When you reach the line containing "echo Erro durante a classiﬁcação dos arquivos" in the entries below, start writing out each line exactly, and stop after the line containing "até que as classiﬁcações".

_ _ _

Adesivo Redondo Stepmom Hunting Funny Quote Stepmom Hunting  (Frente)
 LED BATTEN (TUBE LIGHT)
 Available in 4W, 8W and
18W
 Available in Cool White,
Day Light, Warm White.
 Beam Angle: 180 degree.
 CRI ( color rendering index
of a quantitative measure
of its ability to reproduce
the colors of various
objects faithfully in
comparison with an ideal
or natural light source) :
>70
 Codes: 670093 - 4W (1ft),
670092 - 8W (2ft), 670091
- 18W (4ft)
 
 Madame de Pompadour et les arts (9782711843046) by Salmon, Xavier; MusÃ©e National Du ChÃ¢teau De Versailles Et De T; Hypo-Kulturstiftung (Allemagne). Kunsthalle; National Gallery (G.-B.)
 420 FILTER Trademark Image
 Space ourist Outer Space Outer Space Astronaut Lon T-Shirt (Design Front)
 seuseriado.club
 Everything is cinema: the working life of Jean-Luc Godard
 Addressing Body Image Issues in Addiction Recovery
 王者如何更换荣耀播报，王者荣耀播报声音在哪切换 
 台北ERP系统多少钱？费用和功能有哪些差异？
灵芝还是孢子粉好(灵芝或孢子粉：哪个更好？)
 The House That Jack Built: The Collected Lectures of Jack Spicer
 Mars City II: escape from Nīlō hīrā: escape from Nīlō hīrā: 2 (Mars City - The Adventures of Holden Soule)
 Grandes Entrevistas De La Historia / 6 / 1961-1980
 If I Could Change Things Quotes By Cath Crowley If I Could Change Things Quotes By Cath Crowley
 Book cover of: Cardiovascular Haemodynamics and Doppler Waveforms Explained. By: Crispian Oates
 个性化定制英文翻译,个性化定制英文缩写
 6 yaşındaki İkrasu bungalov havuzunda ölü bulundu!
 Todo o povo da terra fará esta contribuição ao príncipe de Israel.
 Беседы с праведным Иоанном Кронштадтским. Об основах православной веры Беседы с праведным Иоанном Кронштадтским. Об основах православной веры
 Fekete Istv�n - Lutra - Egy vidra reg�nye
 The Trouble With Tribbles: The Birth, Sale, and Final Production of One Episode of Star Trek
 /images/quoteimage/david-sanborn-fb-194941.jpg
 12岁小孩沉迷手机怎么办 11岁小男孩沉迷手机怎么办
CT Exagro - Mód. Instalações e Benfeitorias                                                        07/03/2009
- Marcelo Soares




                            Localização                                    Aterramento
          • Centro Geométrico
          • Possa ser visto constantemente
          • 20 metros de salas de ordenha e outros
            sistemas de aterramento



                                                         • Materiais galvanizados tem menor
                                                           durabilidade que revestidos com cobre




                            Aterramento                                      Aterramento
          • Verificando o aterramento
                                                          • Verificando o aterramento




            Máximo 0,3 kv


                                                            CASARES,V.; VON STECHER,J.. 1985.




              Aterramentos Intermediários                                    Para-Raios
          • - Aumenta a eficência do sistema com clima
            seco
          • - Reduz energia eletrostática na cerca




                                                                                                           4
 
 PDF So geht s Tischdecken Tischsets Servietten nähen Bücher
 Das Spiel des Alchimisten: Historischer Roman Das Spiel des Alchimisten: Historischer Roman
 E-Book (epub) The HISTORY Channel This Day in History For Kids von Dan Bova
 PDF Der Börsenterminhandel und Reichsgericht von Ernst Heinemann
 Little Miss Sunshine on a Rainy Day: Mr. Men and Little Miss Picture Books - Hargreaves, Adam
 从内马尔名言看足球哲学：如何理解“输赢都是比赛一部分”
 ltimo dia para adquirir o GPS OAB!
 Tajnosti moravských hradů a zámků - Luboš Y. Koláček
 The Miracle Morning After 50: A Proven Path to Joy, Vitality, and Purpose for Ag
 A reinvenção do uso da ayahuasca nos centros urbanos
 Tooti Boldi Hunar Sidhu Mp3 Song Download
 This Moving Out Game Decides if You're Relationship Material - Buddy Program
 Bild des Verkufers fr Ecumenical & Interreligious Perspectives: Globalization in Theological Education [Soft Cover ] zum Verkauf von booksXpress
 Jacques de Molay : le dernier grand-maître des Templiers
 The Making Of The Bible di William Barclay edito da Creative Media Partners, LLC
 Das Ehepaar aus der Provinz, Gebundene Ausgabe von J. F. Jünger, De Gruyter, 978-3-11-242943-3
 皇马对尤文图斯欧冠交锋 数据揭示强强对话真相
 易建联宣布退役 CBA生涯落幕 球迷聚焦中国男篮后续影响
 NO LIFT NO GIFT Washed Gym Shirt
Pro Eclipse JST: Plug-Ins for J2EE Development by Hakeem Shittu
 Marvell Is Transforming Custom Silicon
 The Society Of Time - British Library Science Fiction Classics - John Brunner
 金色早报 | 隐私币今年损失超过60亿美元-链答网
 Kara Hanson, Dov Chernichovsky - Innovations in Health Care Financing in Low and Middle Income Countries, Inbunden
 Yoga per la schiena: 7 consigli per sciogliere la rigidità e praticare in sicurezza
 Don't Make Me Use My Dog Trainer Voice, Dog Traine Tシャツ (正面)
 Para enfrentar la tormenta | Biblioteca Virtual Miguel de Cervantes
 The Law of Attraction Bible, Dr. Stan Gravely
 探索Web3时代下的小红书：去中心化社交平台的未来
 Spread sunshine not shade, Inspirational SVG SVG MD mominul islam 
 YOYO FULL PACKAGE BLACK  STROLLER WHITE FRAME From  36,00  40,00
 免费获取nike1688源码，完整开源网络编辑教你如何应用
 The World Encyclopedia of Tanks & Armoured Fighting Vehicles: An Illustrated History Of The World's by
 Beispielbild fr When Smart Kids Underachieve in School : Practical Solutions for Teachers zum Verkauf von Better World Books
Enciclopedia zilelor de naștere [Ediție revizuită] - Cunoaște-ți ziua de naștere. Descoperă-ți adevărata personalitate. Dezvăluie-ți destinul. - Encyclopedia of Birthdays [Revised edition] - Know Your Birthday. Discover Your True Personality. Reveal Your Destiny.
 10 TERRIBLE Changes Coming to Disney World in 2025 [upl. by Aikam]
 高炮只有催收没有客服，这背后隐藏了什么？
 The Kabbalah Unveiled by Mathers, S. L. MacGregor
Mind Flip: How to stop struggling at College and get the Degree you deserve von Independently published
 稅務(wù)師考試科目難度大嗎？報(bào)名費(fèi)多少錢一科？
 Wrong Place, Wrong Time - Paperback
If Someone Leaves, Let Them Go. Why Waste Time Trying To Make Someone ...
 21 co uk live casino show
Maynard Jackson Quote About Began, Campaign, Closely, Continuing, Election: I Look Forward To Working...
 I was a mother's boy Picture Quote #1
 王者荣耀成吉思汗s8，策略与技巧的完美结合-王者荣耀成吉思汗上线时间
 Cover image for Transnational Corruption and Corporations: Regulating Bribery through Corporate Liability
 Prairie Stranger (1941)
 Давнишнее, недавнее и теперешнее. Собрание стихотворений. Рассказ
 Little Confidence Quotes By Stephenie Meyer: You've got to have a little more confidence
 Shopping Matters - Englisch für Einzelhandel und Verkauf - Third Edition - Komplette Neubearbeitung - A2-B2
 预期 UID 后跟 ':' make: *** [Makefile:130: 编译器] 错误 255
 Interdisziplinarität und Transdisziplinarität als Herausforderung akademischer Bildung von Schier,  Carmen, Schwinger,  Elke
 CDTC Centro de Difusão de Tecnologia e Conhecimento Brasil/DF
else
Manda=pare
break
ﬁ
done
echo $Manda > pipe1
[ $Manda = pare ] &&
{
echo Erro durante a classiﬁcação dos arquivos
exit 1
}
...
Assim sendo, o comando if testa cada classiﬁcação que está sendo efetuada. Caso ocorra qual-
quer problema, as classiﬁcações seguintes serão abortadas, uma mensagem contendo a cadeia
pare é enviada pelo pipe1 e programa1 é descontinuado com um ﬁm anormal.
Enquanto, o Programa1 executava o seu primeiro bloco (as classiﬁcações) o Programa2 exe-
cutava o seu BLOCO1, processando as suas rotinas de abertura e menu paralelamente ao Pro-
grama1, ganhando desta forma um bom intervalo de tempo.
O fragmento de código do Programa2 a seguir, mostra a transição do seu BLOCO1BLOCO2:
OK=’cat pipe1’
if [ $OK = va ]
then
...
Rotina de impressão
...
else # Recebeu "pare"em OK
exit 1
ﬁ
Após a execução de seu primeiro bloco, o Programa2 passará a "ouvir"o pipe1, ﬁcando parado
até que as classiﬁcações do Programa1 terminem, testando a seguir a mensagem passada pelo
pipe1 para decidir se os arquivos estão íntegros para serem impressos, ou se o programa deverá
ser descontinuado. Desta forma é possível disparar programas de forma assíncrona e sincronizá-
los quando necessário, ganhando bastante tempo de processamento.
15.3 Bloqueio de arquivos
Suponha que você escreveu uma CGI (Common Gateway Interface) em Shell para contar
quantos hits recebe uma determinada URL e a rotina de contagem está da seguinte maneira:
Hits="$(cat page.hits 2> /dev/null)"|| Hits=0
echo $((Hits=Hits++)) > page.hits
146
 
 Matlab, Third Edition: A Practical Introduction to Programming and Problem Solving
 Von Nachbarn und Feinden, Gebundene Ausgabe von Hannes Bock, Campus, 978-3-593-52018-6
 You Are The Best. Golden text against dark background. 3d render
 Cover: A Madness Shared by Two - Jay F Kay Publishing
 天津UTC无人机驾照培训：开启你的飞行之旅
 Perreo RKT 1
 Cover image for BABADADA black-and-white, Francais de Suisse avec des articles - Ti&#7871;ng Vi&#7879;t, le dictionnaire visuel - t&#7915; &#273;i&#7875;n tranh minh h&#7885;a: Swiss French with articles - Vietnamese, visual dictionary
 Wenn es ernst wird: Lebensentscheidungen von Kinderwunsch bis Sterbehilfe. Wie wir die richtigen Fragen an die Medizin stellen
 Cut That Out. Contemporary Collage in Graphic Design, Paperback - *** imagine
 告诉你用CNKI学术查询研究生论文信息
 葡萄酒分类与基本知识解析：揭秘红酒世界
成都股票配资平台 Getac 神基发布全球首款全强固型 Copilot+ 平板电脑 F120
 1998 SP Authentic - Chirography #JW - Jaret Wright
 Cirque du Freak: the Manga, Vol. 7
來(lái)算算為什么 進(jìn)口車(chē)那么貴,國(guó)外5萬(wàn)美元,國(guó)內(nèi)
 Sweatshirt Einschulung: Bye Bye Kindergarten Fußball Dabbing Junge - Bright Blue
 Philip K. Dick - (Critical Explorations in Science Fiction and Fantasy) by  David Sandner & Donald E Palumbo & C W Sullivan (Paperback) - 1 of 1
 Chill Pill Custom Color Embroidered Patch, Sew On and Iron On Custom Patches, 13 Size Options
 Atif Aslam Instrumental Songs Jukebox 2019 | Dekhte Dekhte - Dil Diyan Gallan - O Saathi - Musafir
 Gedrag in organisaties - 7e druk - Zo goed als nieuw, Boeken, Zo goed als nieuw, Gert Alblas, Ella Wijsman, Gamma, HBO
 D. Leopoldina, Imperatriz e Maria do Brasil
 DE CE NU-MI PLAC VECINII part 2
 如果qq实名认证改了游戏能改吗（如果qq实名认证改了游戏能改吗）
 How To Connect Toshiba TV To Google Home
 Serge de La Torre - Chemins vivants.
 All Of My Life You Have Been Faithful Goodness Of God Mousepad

_ _ _

**Result of the task**
echo Erro durante a classiﬁcação dos arquivos
exit 1
}
...
Assim sendo, o comando if testa cada classiﬁcação que está sendo efetuada. Caso ocorra qual-
quer problema, as classiﬁcações seguintes serão abortadas, uma mensagem contendo a cadeia
pare é enviada pelo pipe1 e programa1 é descontinuado com um ﬁm anormal.
Enquanto, o Programa1 executava o seu primeiro bloco (as classiﬁcações) o Programa2 exe-
cutava o seu BLOCO1, processando as suas rotinas de abertura e menu paralelamente ao Pro-
grama1, ganhando desta forma um bom intervalo de tempo.
O fragmento de código do Programa2 a seguir, mostra a transição do seu BLOCO1BLOCO2:
OK=’cat pipe1’
if [ $OK = va ]
then
...
Rotina de impressão
...
else # Recebeu "pare"em OK
exit 1
ﬁ
Após a execução de seu primeiro bloco, o Programa2 passará a "ouvir"o pipe1, ﬁcando parado
até que as classiﬁcações do Programa1 terminem, testando a seguir a mensagem passada pelo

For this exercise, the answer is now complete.